LiteVSR: Enabling Cross-Domain Fine-Grained Detail Generation in Light-Weight Transformers for Video Super-Resolution
Abstract
Large-scale pre-trained video generators offer powerful priors for Video Super-Resolution (VSR), yet adapting them remains computationally prohibitive. Full fine-tuning demands extensive resources, and ControlNet-style adapters lose their efficiency advantage under modern Diffusion Transformers (DiTs) since the absence of encoder-decoder hierarchy forces duplication of the entire backbone. We observe that low-quality videos, despite degradation, retain reliable structural information such as layout and motion, and that such structural content is largely domain-agnostic. This suggests that a frozen generator can perform VSR when the input structure is properly aligned to its embedding space.

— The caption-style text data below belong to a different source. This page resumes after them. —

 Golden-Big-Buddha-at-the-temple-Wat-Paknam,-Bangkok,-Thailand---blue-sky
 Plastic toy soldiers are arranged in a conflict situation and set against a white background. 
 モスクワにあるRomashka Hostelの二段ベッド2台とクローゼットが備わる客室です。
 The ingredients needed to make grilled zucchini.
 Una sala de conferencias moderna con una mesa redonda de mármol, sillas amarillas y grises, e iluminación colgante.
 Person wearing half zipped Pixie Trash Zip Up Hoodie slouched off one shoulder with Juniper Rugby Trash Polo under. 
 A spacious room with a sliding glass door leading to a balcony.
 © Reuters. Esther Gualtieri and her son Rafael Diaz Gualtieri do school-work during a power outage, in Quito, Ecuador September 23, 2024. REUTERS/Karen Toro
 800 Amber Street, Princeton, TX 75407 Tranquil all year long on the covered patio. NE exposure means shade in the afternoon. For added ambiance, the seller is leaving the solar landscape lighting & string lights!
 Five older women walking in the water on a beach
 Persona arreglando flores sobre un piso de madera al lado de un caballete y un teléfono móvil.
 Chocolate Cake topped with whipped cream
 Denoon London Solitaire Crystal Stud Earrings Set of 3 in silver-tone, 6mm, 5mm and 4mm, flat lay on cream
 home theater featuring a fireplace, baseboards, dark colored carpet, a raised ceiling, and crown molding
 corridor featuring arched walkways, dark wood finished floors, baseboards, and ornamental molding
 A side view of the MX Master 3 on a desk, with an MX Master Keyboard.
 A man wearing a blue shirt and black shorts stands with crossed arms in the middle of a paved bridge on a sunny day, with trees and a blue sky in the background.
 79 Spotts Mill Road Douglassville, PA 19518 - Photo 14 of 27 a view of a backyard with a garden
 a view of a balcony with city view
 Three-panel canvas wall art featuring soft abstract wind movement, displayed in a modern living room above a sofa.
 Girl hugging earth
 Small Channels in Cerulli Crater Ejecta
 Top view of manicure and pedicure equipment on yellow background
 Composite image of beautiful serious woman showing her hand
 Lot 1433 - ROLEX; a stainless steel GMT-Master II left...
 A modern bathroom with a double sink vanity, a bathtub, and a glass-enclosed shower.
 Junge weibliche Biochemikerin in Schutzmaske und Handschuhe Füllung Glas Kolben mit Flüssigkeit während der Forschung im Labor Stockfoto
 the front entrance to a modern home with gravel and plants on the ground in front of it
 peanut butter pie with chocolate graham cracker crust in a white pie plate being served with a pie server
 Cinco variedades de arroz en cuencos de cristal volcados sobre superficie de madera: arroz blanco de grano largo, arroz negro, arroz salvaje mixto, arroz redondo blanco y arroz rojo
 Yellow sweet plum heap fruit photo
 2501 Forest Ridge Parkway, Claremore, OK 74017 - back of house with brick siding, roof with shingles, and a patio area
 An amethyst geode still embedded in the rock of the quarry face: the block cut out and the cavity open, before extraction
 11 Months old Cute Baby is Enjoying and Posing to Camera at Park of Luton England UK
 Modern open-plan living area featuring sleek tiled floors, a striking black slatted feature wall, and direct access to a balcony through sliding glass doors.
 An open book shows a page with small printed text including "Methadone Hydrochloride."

Building on this insight, we propose LiteVSR, a minimalist framework that performs VSR using a completely frozen Diffusion Transformer (DiT) with a lightweight State-Aware Adapter. The adapter employs a dual-stream architecture that jointly processes static structural cues from the low-quality input and dynamic cues from intermediate denoising states through time-dependent cross-attention, enabling adaptive transition from structural alignment to texture refinement as denoising proceeds. LiteVSR achieves comparable restoration quality with only 12.68\% trainable parameters and 12 GPU-hours of training on a single A100.